▸ Data extract

------------------------------------------------------------------------

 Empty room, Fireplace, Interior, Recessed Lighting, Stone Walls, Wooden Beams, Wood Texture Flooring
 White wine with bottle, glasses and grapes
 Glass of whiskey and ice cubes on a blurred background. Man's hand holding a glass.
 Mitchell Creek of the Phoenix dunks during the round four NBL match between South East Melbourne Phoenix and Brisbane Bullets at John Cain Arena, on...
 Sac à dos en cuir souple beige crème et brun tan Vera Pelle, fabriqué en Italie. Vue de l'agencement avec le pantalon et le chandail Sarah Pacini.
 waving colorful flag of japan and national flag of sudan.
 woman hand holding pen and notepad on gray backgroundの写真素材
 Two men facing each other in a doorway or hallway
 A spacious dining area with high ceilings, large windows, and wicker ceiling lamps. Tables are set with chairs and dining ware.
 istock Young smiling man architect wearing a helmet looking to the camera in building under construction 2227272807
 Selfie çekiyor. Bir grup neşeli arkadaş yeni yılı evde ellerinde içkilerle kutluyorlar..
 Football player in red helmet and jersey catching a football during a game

------------------------------------------------------------------------

▸ Task prompt
Each line above that contains the word "during" should be counted, and only the total given.

▸ Written response
2